[sic] Read online




  Contents

  [sic]

  1. A return to Earth

  2. David Bloom

  3. You’re in luck. I’m the normal one.

  4. Landlord

  5. Eureka

  6. Day one

  7. Other people

  8. No exit

  9. Father figures

  10. Grounded

  11. Other people’s dads

  12. Sport

  13. The quack

  14. Blackbird

  15. Poortraits

  16. David graduates

  17. The talented Mr. Bloom

  18. High hopes

  19. Virgins

  20. Hate in healthy doses

  21. Memento mori

  22. Immaculate misconception

  23. Diva

  24. Awakening

  25. Aftermath

  26. Mouth or mouthful

  27. Chased

  28. All fires, one fire

  29. Nature/nurture

  30. The end of Eureka

  31. Predators circle, just past the campfire

  32. Self defense

  33. The weapon of choice

  34. The Grackle King

  35. I blame the death of David Bloom on…

  Help me

  Keep the Ghost by Scott Kelly

  1. Lacuna

  2. The search

  3. Conscience

  4. Conspirators

  5. Causeway

  6. Detective

  7. Truth

  [sic]

  by Scott Kelly

  Want to get special deals, extras, and early access to new novels? Join my mailing list.

  Also by Scott:

  The Blue (2014)

  Keep the Ghost (2015)

  www.ScottKellyWritesBooks.com

  © Scott Kelly 2015. All rights reserved.

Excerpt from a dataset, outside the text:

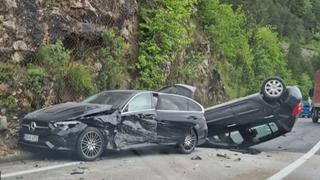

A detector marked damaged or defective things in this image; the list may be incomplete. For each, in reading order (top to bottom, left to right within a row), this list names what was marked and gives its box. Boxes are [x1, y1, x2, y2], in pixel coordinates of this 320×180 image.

  Version 20150513, the Eureka Edition.

  Cover by Greg Poszywak

  The first seven chapters of my novel “Keep the Ghost” are included after the conclusion of [sic].

  1. A return to Earth

  My personal savior is named David Bloom, and right now he’s falling about ten stories from the top of a water tower. And my stupid stunned mind, all I can think is that he looks great doing it. Arms spread, fingertips extended, face serene—homicide by stage dive. His body returns to the earth below, the fall reducing him to a streak of white and blue cloth, brown hair blown back from closed eyes. Maybe he’s smiling. Maybe I just like to think so.

  I can’t see that well. I’m pretty far away, under the cover of some trees, watching through a gap in the leaves. Was supposed to meet someone here.

  A masked figure is rushing down the ladder of the tower, half sliding, spider skittering down a drain. David’s executioner. At least five people, including me, have a good reason to kill David. Naturally, we’ve all been friends for life.

  A good hero would chase the killer.

  I am not a good hero. I’m not even a good me.

  I run to the place where David fell, like I think he’s still going to be alive, somehow. Stupid. What I get instead shocks me, makes my legs weak and my breath feel worthless. David is no more. This is his face on a sack of meat and bone, limbs bent and joints snapped. This guy—this guy who showed me the light, now just a coffin’s worth of flesh.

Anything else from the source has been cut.